● EXERCISE DETAILS
Begin at the line below that holds "Сильный снегопад. авто" and end at the line that holds "Soldiers of the", transcribing each line exactly and skipping any picture.

- - -

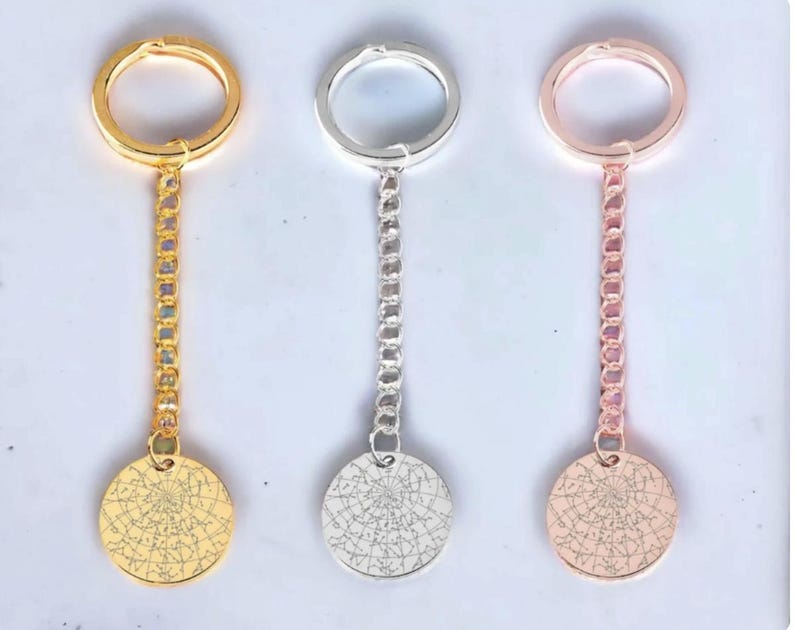 May include: Three keychains with round pendants featuring a star map design. One is gold-colored, one is silver-colored, and the third is rose gold. Each keychain has a chain connecting the pendant to a ring.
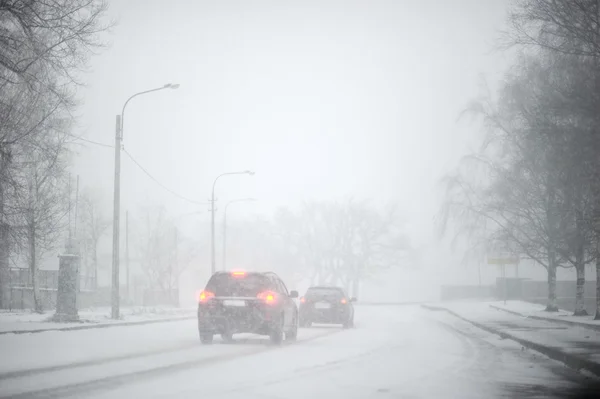 Сильный снегопад. авто по заснеженной дороге — стоковое фото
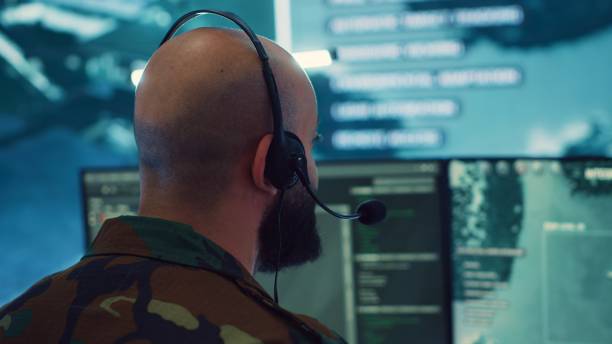 istock Military operator transmitting gps coordinates of hostile ships to national guard 2158130878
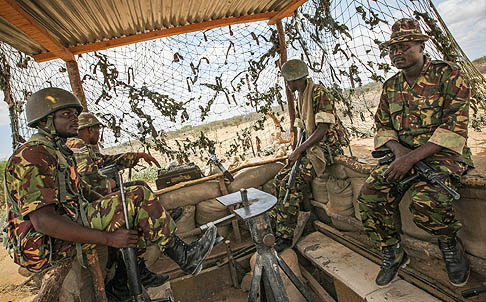 Soldiers of the Kenyan contingent serving with the African Union Mission in Somalia sit in a watch tower in Dhobley, southern Somalia. Photo: EPA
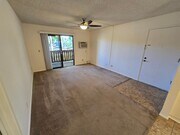 Photo - Move-In Special: 1/2 off 1st Month's Rent!!!  Freshly Painted 1-Bedroom Condo with Covered Parking Unit 93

- - -

● RESPONSE TO THE EXERCISE
 Сильный снегопад. авто по заснеженной дороге — стоковое фото
 istock Military operator transmitting gps coordinates of hostile ships to national guard 2158130878
 Soldiers of the Kenyan contingent serving with the African Union Mission in Somalia sit in a watch tower in Dhobley, southern Somalia. Photo: EPA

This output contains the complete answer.